Cuesta mucho, en el curso de la vida, detectar la inteligencia ajena, para no mencionar la propia, porque no es visible en primera instancia y está hecha de cuestiones sutiles. Cuando niño y, más que nada, cuando joven, uno se confunde con esta variable tan señera de la condición humana. De ahí el éxito que alcanza justamente entre los jóvenes el discurso de los fanáticos narcisistas, del cual la parte burda no se ve. El énfasis, la autoafirmación, pasa por inteligencia trágica: el hombre incomprendido, que se debe a sus ideas, que ha debido luchar contra los cobardes enquistados en el poder, contra los mediocres de la televisión, contra autoridades religiosas, en fin. El hecho de que se nieguen a transmitir sus opiniones les da a éstas el valor de la verdad.
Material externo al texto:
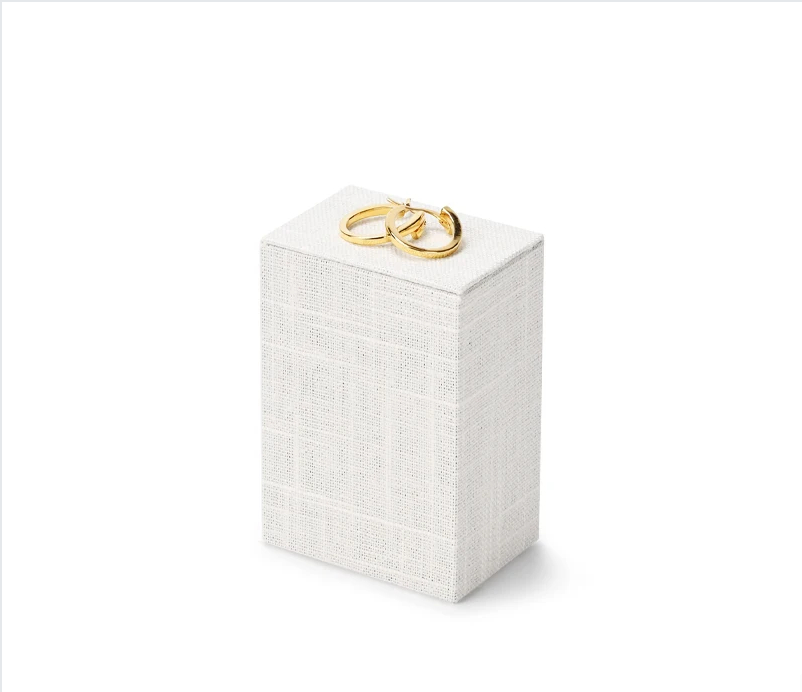 High quality Beige linen luxury jewelry display stand:TT285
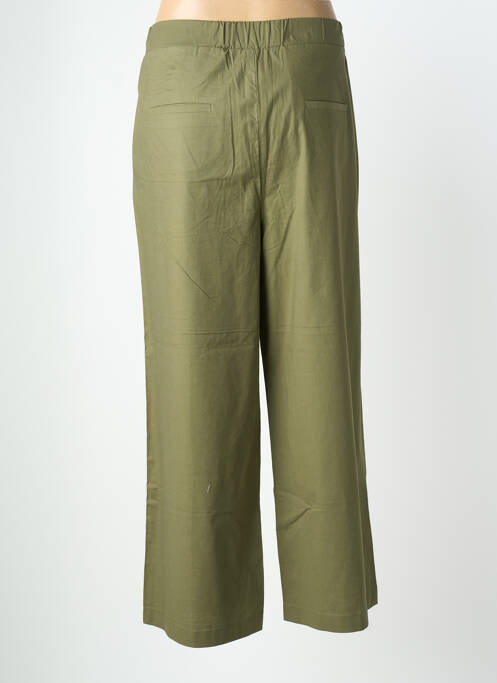 Pantalon drept talie elastică verde MORE & MORE femme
Cuando niño, en el colegio, nos hicieron disertar sobre el famoso libro de Ana Frank. Debo decir que nuestra miseria sexual era tal que en esa intimidad forzada por el exterminio suponíamos poder encontrar escenas eróticas. Tendríamos unos doce años. Buscando lo mismo, me imagino, llegamos a conocer Páginas de un diario, de Lily Íñiguez
Matte, que yo birlé de los libros de mi abuelo. La parte del deseo encabritado, la parte de la "cochinada", no apareció en nuestras disertaciones. En ellas más bien manifestamos altruismo y sentimientos superiores, lo que indica un manejo muy nítido de los dobles discursos a una edad bastante temprana.
Pero me desvío. A lo que quiero llegar es a que un compañero, en su exposición, mencionó "los honores de la guerra". A mí me pareció admirable por lo inteligente, a pesar de que una frase así podía haberla manoteado de la contratapa del libro. Esto era, en mi entendimiento de entonces, hablar como la gente seria, como los periodistas de la televisión. No sabía entonces qué era un lugar común, pero los identificaba. Suponía que para utilizarlos en la conversación uno debía estar calificado por alguna clase de entidad. Un lugar común que me conmovía era: el hombre es el lobo del hombre. Me parecía que era útil para dar por terminada una discusión difícil.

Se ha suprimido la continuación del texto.